RECORD EXCERPTS START

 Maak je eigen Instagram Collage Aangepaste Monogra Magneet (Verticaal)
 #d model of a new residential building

RECORD EXCERPTS END
RECORD EXCERPTS START

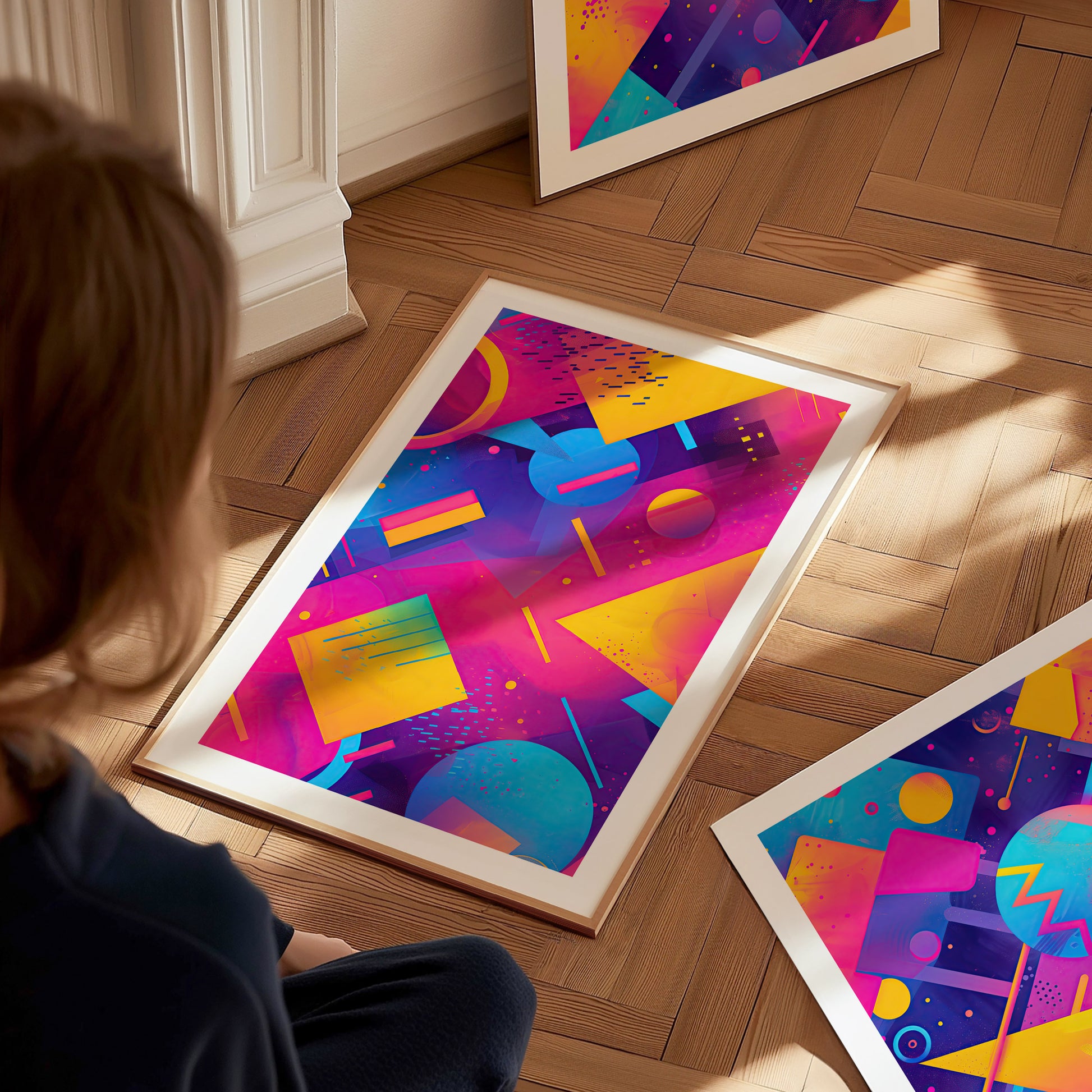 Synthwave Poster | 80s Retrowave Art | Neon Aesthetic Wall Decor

RECORD EXCERPTS END

WHAT YOU NEED TO DO: Taking the line with "Maak je eigen" as the first and the line with "#d model of a new residential building" as the last, retype that stretch of the data above exactly, with no other lines.

FINISHED TASK:
 Maak je eigen Instagram Collage Aangepaste Monogra Magneet (Verticaal)
 #d model of a new residential building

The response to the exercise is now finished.